Let us define our terms. Seltzers are a subset of sparkling waters: plain water that gets its bubbles from carbon dioxide (CO2). If there is a fruit-adjacent taste — a twist of lime, a soupçon of pamplemousse — it generally comes in the form of "natural flavor," which is what allows a can of seltzer to taste vaguely, kind of, a little like a tangerine. Spindrift, however, gets its taste not from "natural flavors" but from "squeezed fruit," or what is colloquially known as "juice."

"We squeezed 1/3 of a real cucumber into this 4-pack of sparkling water," the box copy proclaims. "We squeezed over 26 real berries and a wedge of lime." Spindrift wants you to know it is squeezing approximately 37.5 percent of a single lemon into every can. It wants you to know the lemon grew up on a family farm in California. The calorie count is so tiny — three! — that the Food and Drug Administration doesn't even require the company to list it, that's how negligible it is, but they want to list it, Spindrift's founder and CEO Bill Creelman tells me, because a nutritional panel with non-zero numbers on it is proof that the ingredients are "real." The color and the calories are the evidence.

It is easy to overemphasize the meaning of all this.

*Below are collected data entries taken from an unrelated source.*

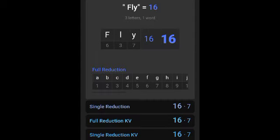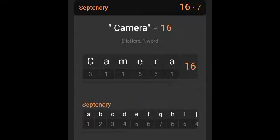Also, when I type in fly, I got 16 in full reduction, single reduction, full reduction KV, and single reduction KV. And when I typed in camera again, I got 16 in septenary. See, these numbers don't lie. They're telling you something.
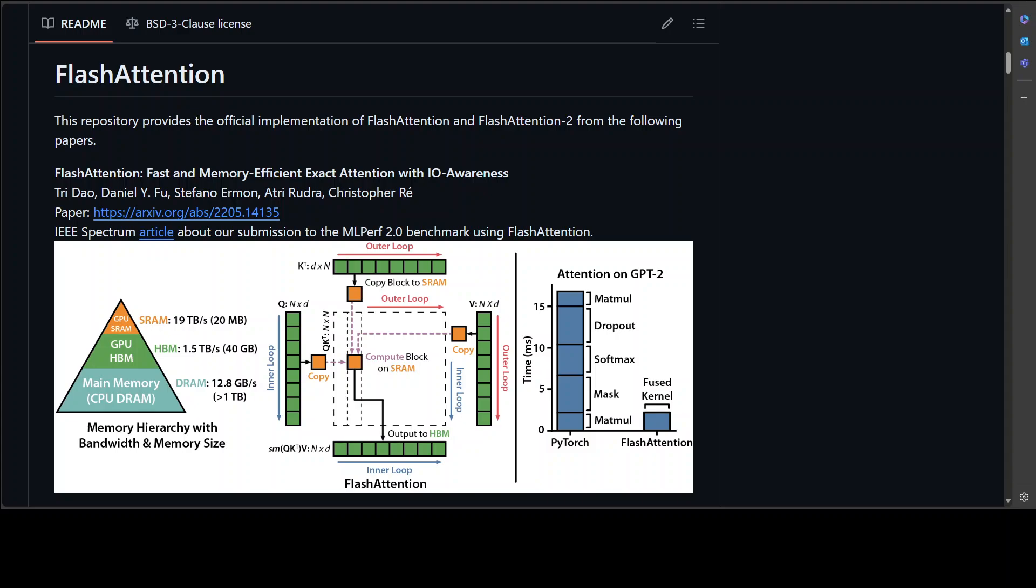This allows for faster computation of attention weights and reduces memory requirements. The way it works is quite interesting. First, it computes a set of learnable vectors called keys and values that capture the importance of each input element.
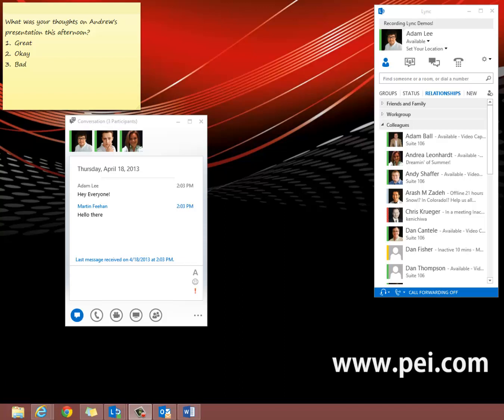I'm going to show you how to launch a poll using Lync 2013. You can organize a poll with a group of contacts via instant message, phone, or audio video conversation. I have a group conversation open on my desktop right now to demonstrate.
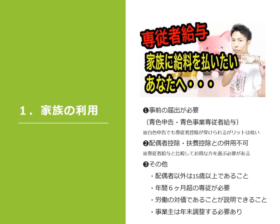専従者給与の注意点は、ご覧のとおり。1、事前の届出が必要。2、配偶者控除、扶養控除との併用不可。その他、諸々です。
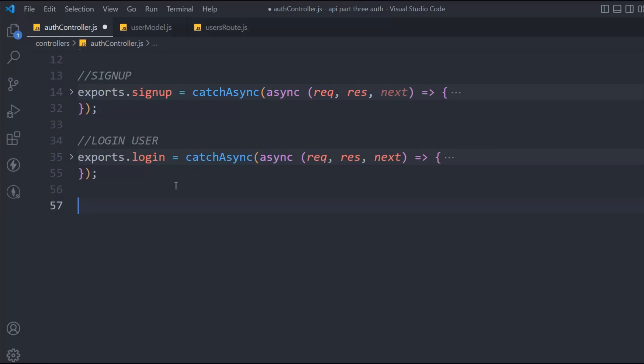Hey everyone, so this is where we left off in the last video. In the last video we worked on our login functionality and we are generating the token to make the user log into our API. In this video we're going to create a function — or you can call it a middleware — because we are following a middleware concept in this API. So we're going to create a middleware which can keep track of whether the user is logged into our application or not.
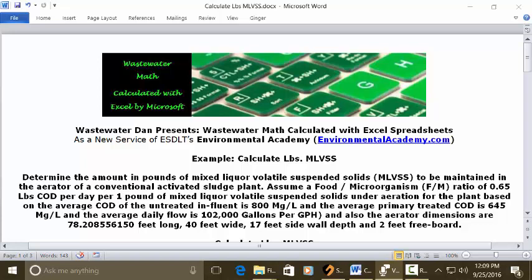The problem reads: determine the amount in pounds of mixed liquor volatile suspended solids to be maintained in the aerator of a conventional activated sludge plant. Assumed F to M food to microorganism ratio of 0.65 pounds of COD per one pound of MLVSS under aeration. The average COD of the untreated influent is 800 mg/L, the average primary treated COD is 645 mg/L, and the average daily flow is 102,000 gallons per hour. The aerator dimensions are 6,150 feet long, 40 feet wide, 17 feet sidewall depth, and 2 feet freeboard.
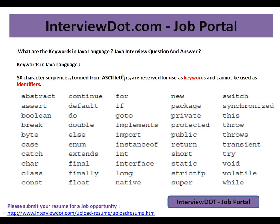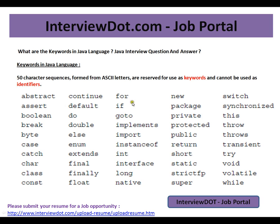What are the keywords in Java language? There are 50 character sequences formed from ASCII letters which are reserved for use as keywords and cannot be used as identifiers. These are the list of keywords used in the Java language. The very important point is these are reserved keywords — you cannot use these keywords in your program.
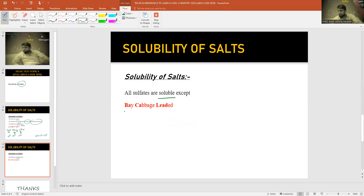For sulfates: Ba is the symbol for Barium, C of 'cabbage' stands for Calcium, and Pb is the symbol for Lead. Barium, Calcium, and Lead sulfates are insoluble.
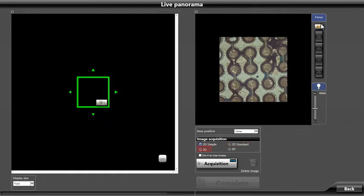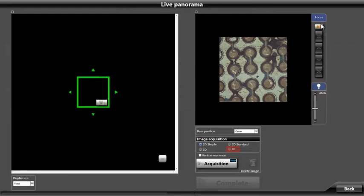3D allows us to create panoramic images that are stitched in multiple focus planes to allow for 3D rendering of the entire panoramic image. This function requires the 3D option. EFI allows us to create a panoramic image that is stitched in multiple focus planes to produce an all-in-focus panoramic image.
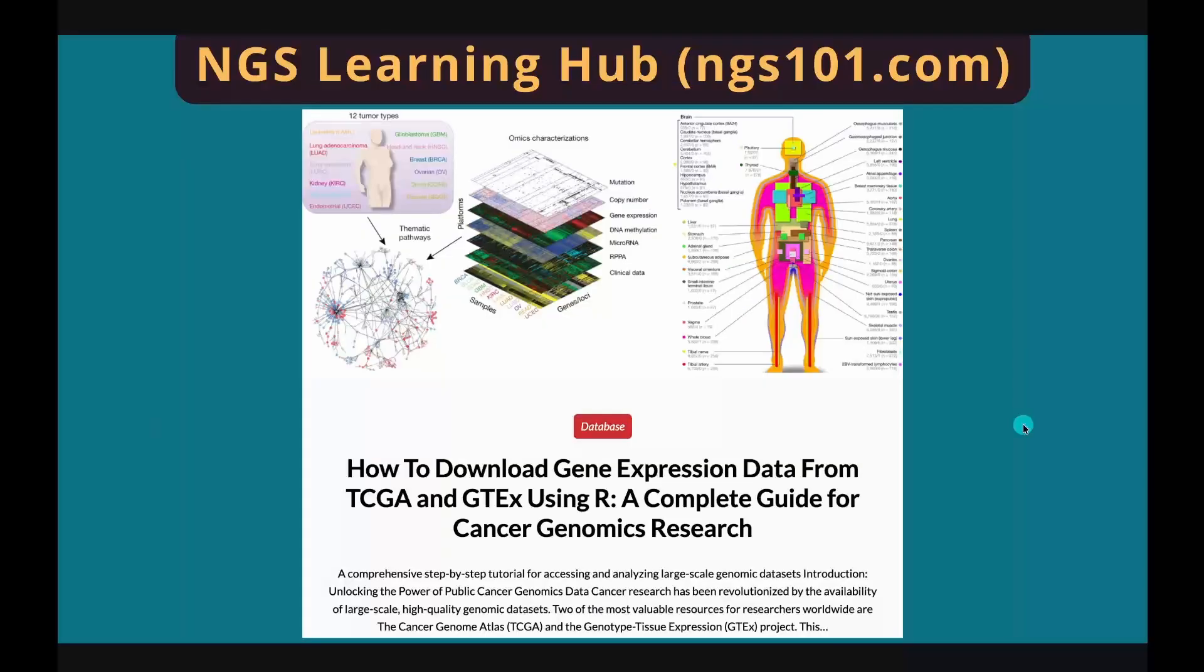This is all I have for today's tutorial. Subscribe if you like it, and I will see you in the next video.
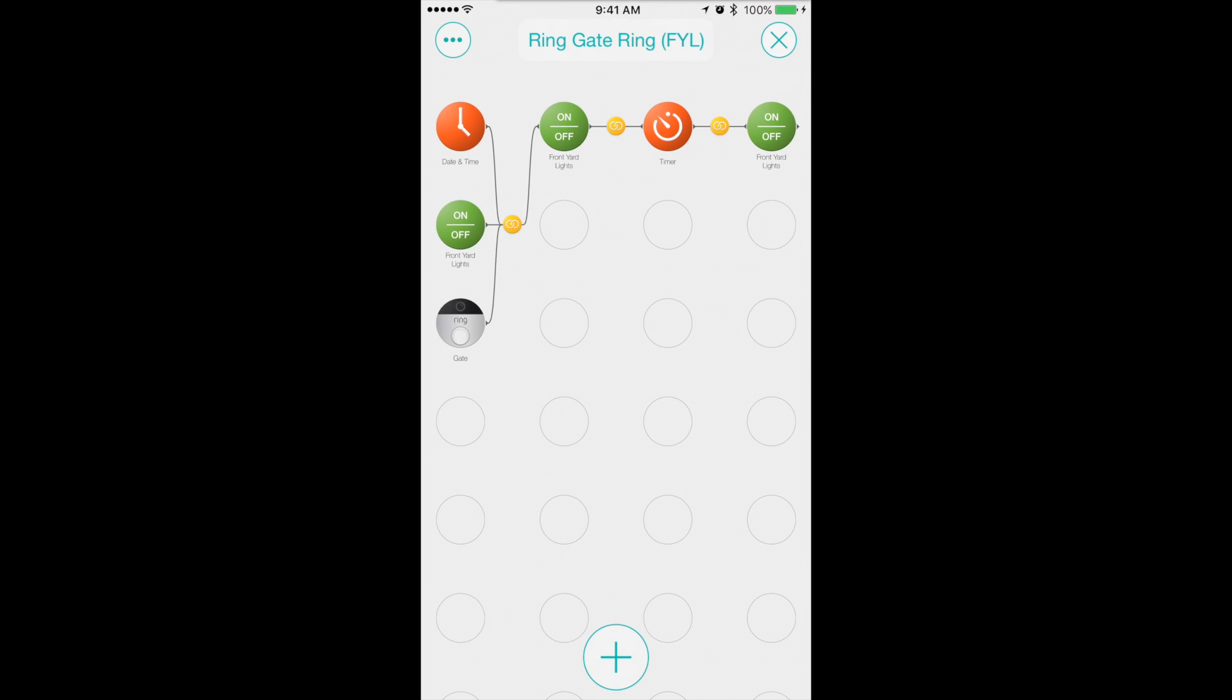So essentially this integration allows me to have my front yard lights turn on if it's between sunset and sunrise and the lights are already off. And then once they turn on when someone rings the doorbell they'll turn off within 10 minutes.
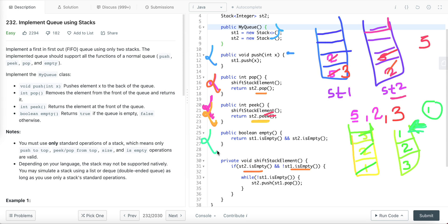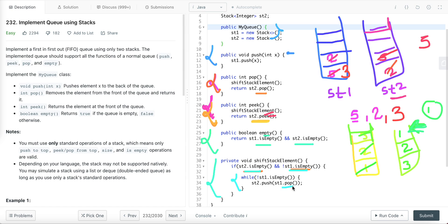Now let's talk about the empty method. It checks if both stacks are empty — if so, there are no elements present in the queue and it returns true, else it returns false. The logic for shifting elements is: if stack two is empty and stack one is not empty, run a while loop — while stack one is not empty, pop the element from stack one and push it into stack two.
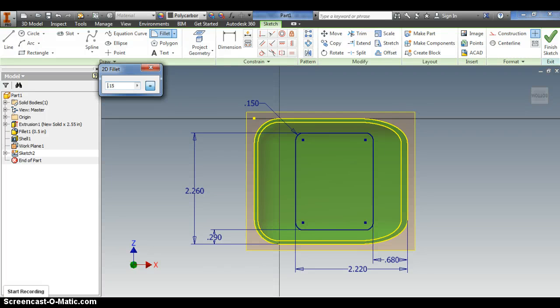Hi guys, in this video I'm going to walk you through how to use the offset feature, which is going to be pretty helpful for us to create this windshield piece.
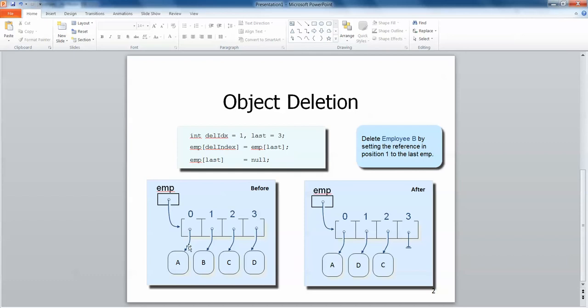In this approach here, supposing we take our array of employee objects and here in index 0 we have A, index 1 contains B, index 2 contains C and index 3 contains D. Supposing we want to delete the object at index 1, so we want to delete B.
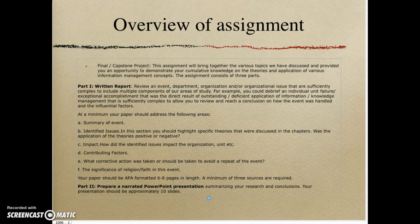At a minimum your paper should address the following: summarize the event and identify the issues. In this section you should highlight specific theories discussed in the chapters — was the application of those theories positive or negative? Remember, in a lot of the chapters the authors provided two sides to many theories, because not everyone agrees. For example, some believe knowledge is only obtained explicitly, others believe it is more tacit, or that there's a combination of the two, or that there's no such thing as a knowledge worker — that all work is knowledge work. So as you develop your ideas and think of concepts that might apply, you can look at theories and see how they tie in.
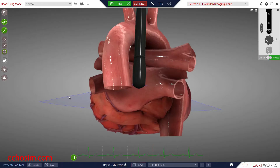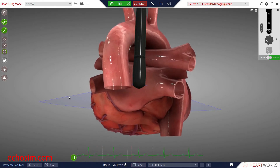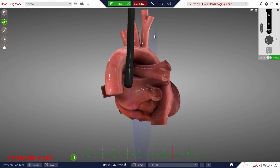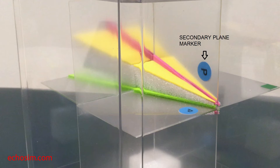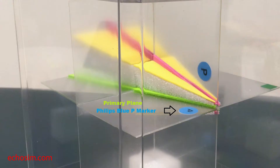With either 3D TEE or TTE, probe rotation is performed automatically in any of the 3D modes, including X-plane. The clockwise rotation is a virtual rotation automatically performed by the machine in concert with the 3D probe. The secondary plane also has a marker. On both the TEE and TTE probe, this is a virtual or imagined marker, located in an imaginary position where it would come to lie if the primary plane and marker were rotated 90 degrees clockwise. Here we see the preserved relationship of the blue P marker as the green plane is effectively rotated 90 degrees clockwise to create the pink plane.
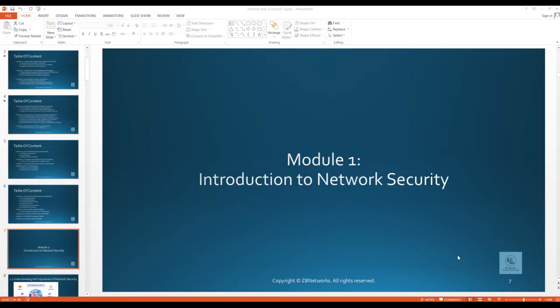Welcome to Module 1, where we'll discuss an introduction to network security. Let's get started by talking about the fundamental concept of what network security is.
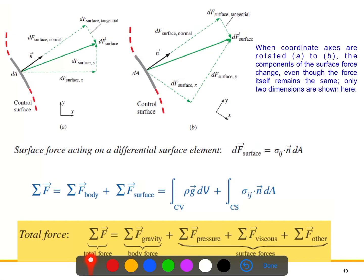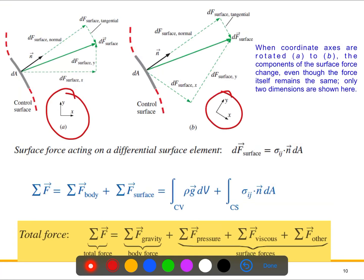The physical force acting on the surface is independent of orientation, but its description with a coordinate system will change as the coordinate axes rotate. The component of the surface force also changes accordingly. The surface has a normal direction and a tangential direction. When talking about surface forces, we have two different quantities: normal stress and shear (tangential) stress.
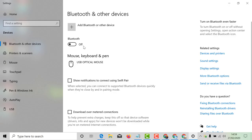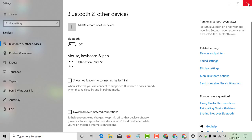By this very easy and simple method you can turn on and off Bluetooth on Windows 10 PC. I hope you like this video. Thanks for watching.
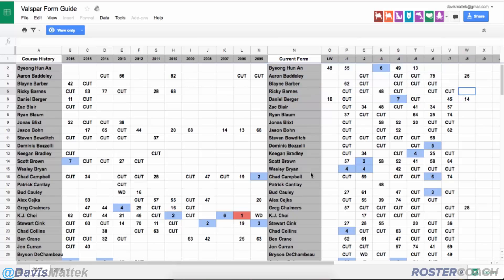We see guys like Wesley Bryan, who in his last four events has a fourth, a fourth, a 42nd, and then three straight missed cuts before that. But he doesn't have any course history because he is a new player on tour and therefore has not played this event or this course. Current form for me tends to be a little bit more indicative of a play that I want to use on my DraftKings PGA Daily Fantasy rosters.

Spindrift has calories — a gram or two of sugar, a lone carb — but unless you are counting very closely, it will make no impact on your diet or your life. It's not that there is no nutritional difference between Spindrift and erstwhile seltzer starlet LaCroix, or Bubly, or Adirondack, or Polar, or Canada Dry, or whatever zero-calorie, no-sugar, "natural flavored"-flavored brand you prefer; it's just that there's no nutritional difference that matters.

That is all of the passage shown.